#### Input data ####
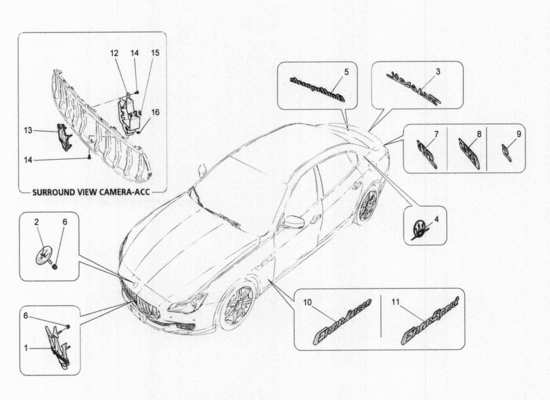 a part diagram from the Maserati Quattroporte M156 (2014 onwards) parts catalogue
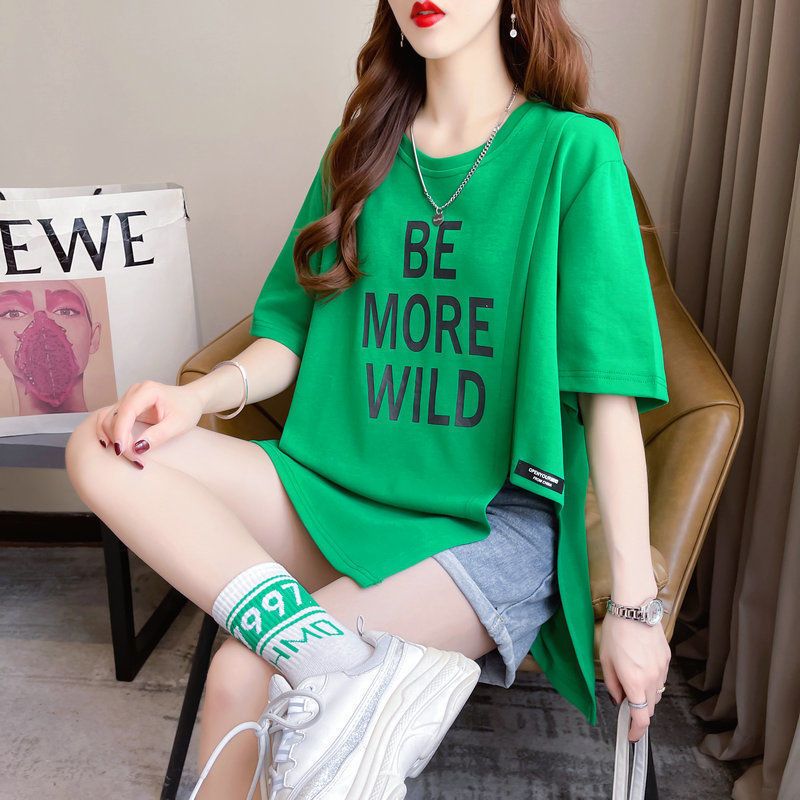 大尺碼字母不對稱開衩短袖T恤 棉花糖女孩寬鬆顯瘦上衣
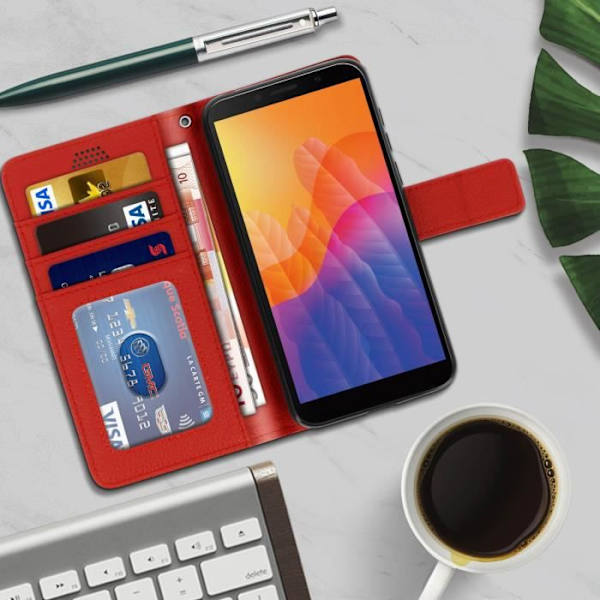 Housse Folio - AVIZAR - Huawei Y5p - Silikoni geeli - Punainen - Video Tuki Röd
####
▶ _Directions_: When you retype the listing, keep every line exactly as it is and drop the pictures.

▶ _Response below_:
 a part diagram from the Maserati Quattroporte M156 (2014 onwards) parts catalogue
 大尺碼字母不對稱開衩短袖T恤 棉花糖女孩寬鬆顯瘦上衣
 Housse Folio - AVIZAR - Huawei Y5p - Silikoni geeli - Punainen - Video Tuki Röd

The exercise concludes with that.